= Kumtepe =

Kumtepe is the oldest permanent settlement in the Troad, the region in northwestern Anatolia, where later Troy was built. Kumtepe has four layers, Kumtepe IA, IB, IC and II. The last two have been largely disturbed in the twentieth century. The remaining and relatively undisturbed IA and IB are of special interest to the archaeologists, because these are older than other settlements in the region.

Around 4800 BC the first settlement in Kumtepe was founded. The inhabitants lived on fishing, and their diet included oysters. The dead were buried, but without grave gifts. Although Kumtepe belongs to Neolithic, the occupants used also copper. Around 4500 BC the settlement was abandoned.

Around 3700 BC new settlers came to Kumtepe.
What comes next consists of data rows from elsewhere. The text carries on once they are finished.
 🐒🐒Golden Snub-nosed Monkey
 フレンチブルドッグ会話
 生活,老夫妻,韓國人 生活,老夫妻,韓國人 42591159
The people of this new culture, Kumtepe B, built relatively large houses with multiple rooms, sometimes a porch. They also practiced animal husbandry and agriculture. The main domestic animals were goats and sheep, bred not only for meat but for milk and wool as well. They knew lead and bronze along with copper. Shortly after 3000 BC Yassıtepe and Hisarlık (Troy) were colonized probably from Kumtepe.

== Literature ==
- Birgit Brandau. Troia Eine Stadt und ihr Mythos, 1997.
- Jak Yakar. Troy and Anatolian Early Bronze Age chronology // Anatolian Studies, 1979.